Pleśniak

Skoro wracamy sentymentalnie w czasy przeszłe, to jeszcze jedno ciasto, które mnie kojarzy się w niedzielą w domu rodzinnym – pleśniak. Nazwa mało apetyczna, ale wynikająca z walorów wizualnych. Piana na cieście wygląda, jak wyrośnięta rasowa pleśń 😉 Ponadto dżem – obowiązkowo porzeczkowy – barwi masę kakaową i czyni ją nieco podmokłą. Ciasto nie prezentuje się zbyt ponętnie dla oka, ale każdy kto choć raz go spróbował wie, że wygląd absolutnie nic w tym przypadku nie determinuje. Bo pleśniak jest wyborny. Słodycz ciasta kruchego miesza się w ustach z cierpkim smakiem i wilgocią czarnej porzeczki. Na podniebieniu wyczuwalna jest charakterystyczna goryczka włoskiego orzecha. Wrażenia zmysłowe zamyka wyczuwalne w tle wysublimowane kakao.

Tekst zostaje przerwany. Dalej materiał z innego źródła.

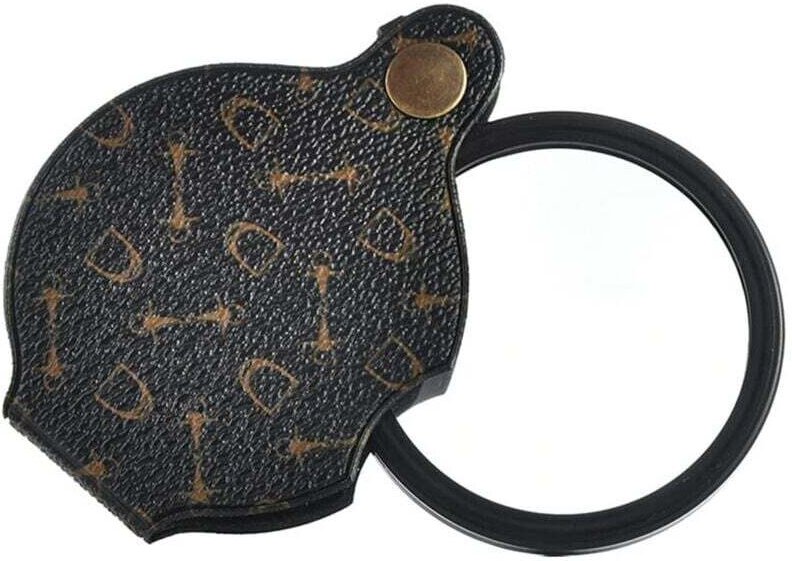 Handlupe, Faltbare Leselupe, Lesehilfe, Lupe, 15-fache Taschenlupe, Durchmesser 70 mm - Ymyny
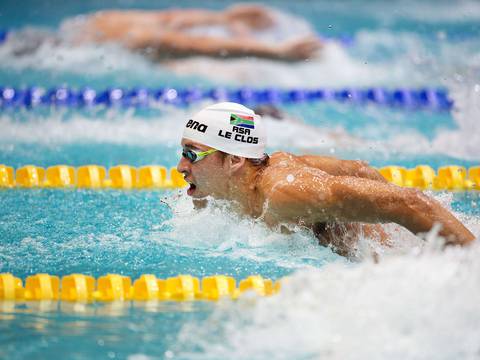 Sudafricano Chad Le Clos pulverizó un récord de natación 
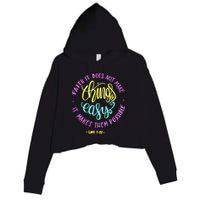 Faith It Does Not Make Things Easy It Makes Them Possible Luke Crop Fleece Hoodie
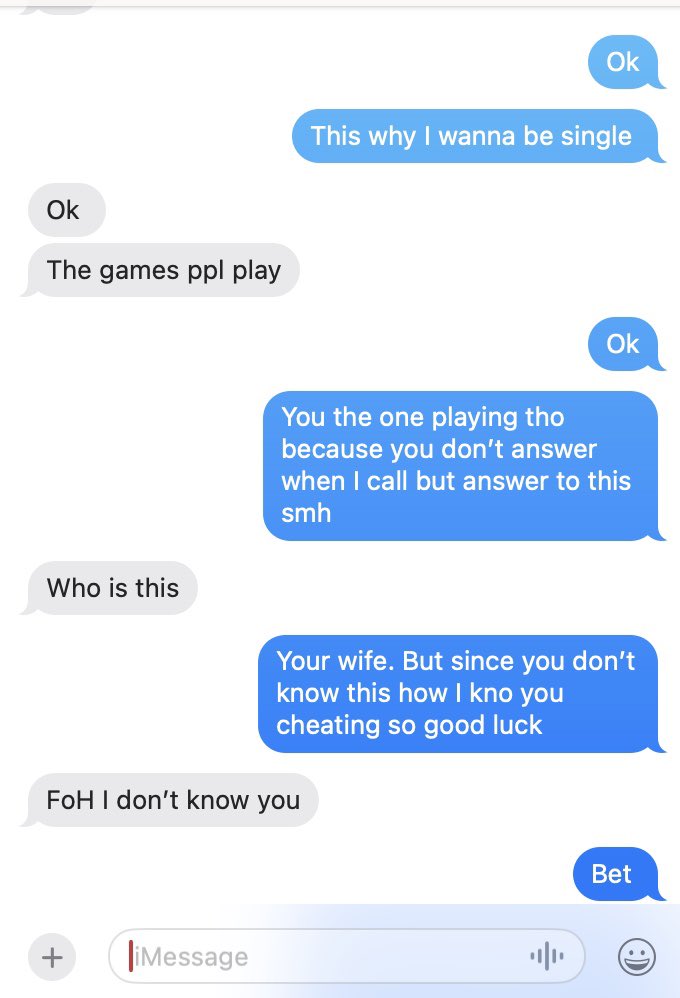 dahunnitoya's tweet image. So this wife texted her husband from another number because he stopped answering her calls 😭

Nie sposób oprzeć się kolejnemu kęsowi 😊

Pleśniak

(na dużą blachę prostokątną)

Składniki:

  • 4 szklanki mąki
  • 1 kostka masła
  • 4 łyżki oleju roślinnego
  • 1,5 czubatej łyżeczki proszku do pieczenia
  • 4 jajka
  • 16 łyżek cukru
  • 2 łyżki mąki ziemniaczanej
  • 2 łyżki kakao
  • szczypta soli
  • ½ szklanki dżemu porzeczkowego
  • 20 sztuk orzechów włoskich

Wykonanie:

  1. W rondelku rozpuścić masło. Wystudzić.
  2. Do miseczki wsypać mąkę. Dodać 4 łyżki cukru, proszek do pieczenia i wymieszać. Wbić żółtka. Dodać rozpuszczone masło, olej i zagnieść jednolite ciasto.
  3. Podzielić je na trzy równe części. Jedną z nich włożyć do lodówki.
  4. Drugą jasną część rozwałkować na blachę wyłożoną papierem do pieczenia. Do ostatniej dodać kakao.
  5. Jasną część ciasta posmarować dżemem. Na nie zetrzeć na tarce jarzynowej ciemną część ciasta.
  6. Ubić w miseczce pianę z białek dodając szczyptę soli. Gdy piana sztywna powoli wmiksować w nią 12 łyżek cukru. Gdy cukier równomiernie rozprowadzony delikatnie wmieszać mąkę ziemniaczaną.
  7. Na ciemne ciasto wyłożyć sztywną pianę. Na pianę zetrzeć schłodzoną w lodówce jasną część ciasta.
  8. Piec ok. 40 minut w piekarniku rozgrzanym do 180 stopni Celsjusza.
  9. Wystudzić na kratce.

Uwaga: Jeśli blaszka do pieczenia była aluminiowa ciasta nie należy przechowywać w niej zbyt długo. W miejscach styku z dżemem powstają nieapetyczne zaciemnienia. Najlepiej upieczone i wystudzone wyjąć na tackę.